Intérprete de LIBRAS: Josiane Sant’Ana Bandeira (Unicentro)

UENP
Graduada em Psicologia, pela Universidade Estadual de Maringá (UEM), mestre em Ciências e doutora em Ciências, pela Universidade Federal de São Paulo (USP), com período sanduíche no Memory Lab, da Washington University, in St. Louis (EUA). É professora na Universidade Estadual do Norte do Paraná (UENP), docente do Programa de Mestrado em Educação (PPEd) e coordena o “Grupo de Estudos em Neurociência”, na UENP, com várias ações de divulgação científica.

UFPR
Possui graduação em Física Biológica, pela Universidade Estadual Paulista Júlio de Mesquita Filho (Unesp) e mestrado e doutorado em Física, pela Universidade de São Paulo (USP), de São Carlos – SP. É professora da Universidade Federal do Paraná (UFPR), no Setor Palotina. É membro do Observatório de Raios Cósmicos Pierre Auger, em Malargue, na Argentina, e do Observatório Cherenkov Telescope Array (CTA). Em 2020, foi vencedora do prêmio Programa para Mulheres na Ciência, promovido pela L’Oreal Brasil, Unesco Brasil e Academia Brasileira de Ciências.

UEM
Possui graduação em Educação Artística, pela Universidade Federal de Uberlândia (UFU); mestrado em Artes Visuais, pela Universidade Federal da Bahia (UFBA); mestrado em Metropolis La Cultura de La Ciudad – Universitat Politecnica de Catalunya, Espanha; e é doutora em Estudos da Linguagem, pela Universidade Estadual de Londrina (UEL). Atualmente, é professora no curso de Artes Visuais, da Universidade Estadual de Maringá (UEM).

SEED-PR
Tem licenciatura em História, pela Universidade Estadual de Ponta Grossa (UEPG); especialização em Pedagogia para o Ensino Religios,o pela Pontifícia Universidade Católica do Paraná (PUC-PR) e Educação Patrimonial (UEPG). Trabalha, desde 2015, na Secretaria de Estado da Educação do Paraná (SEED-PR) como Técnica Pedagógica, no Departamento da Diversidade e Direitos Humanos, na Equipe de Educação das Relações Étnico Raciais e Escolar Quilombola.

UEM
Graduada em Letras, pela Universidade Estadual de Maringá (UEM), é professora na Escola Estadual Indígena Yvy Porã. Especialista em Gestão Escolar Indígena, coordena o projeto Patrimônio Cultural e Geração de Renda, pela UEM. Administra como comunicadora o perfil do Instagram Universidade Território Indígena.
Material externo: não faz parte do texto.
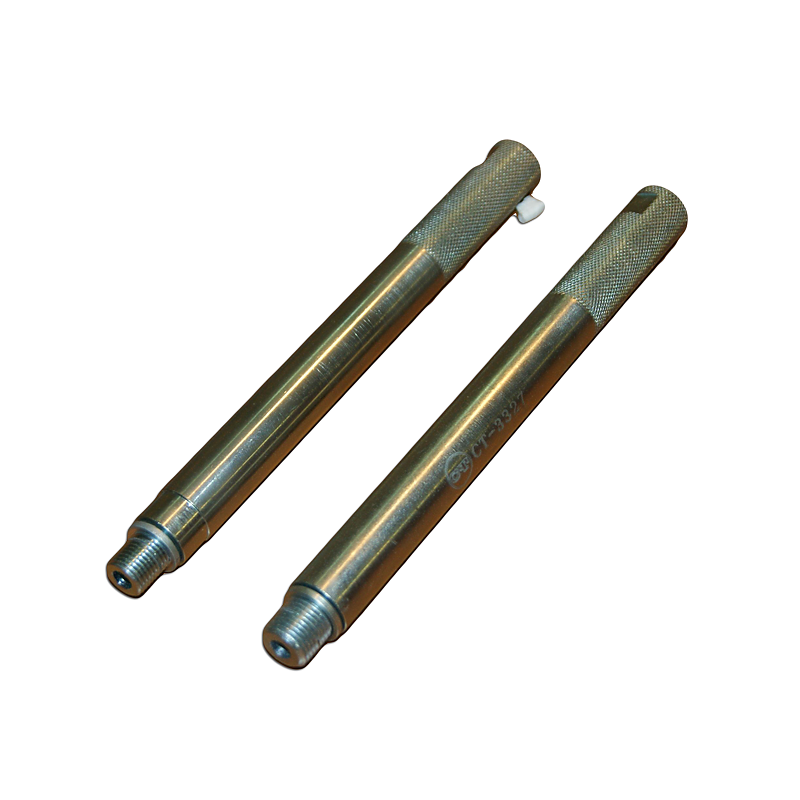 Комплект адаптеров для опрессовки цилиндра VAG T40012 Car-Tool CT-3327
Pertencente à etnia Guarani Nhandewa, atua como palestrante indígena nos temas de relevância para o campo da Educação Indígena.

UEM
Graduada em Engenharia de Computação, pela Pontifícia Universidade Católica do Paraná (PUC-PR); mestrado em Engenharia Elétrica e Informática Industrial, pela Universidade Tecnológica Federal do Paraná (UTFPR); e doutorado em Ciências da Computação, pela Universidade Federal de Minas Gerais (UFMG). É presidente da Sociedade Brasileira de Microeletrônica (SBMicro) e atua como membro do Comitê de Mulheres em Tecnologia, da UEM.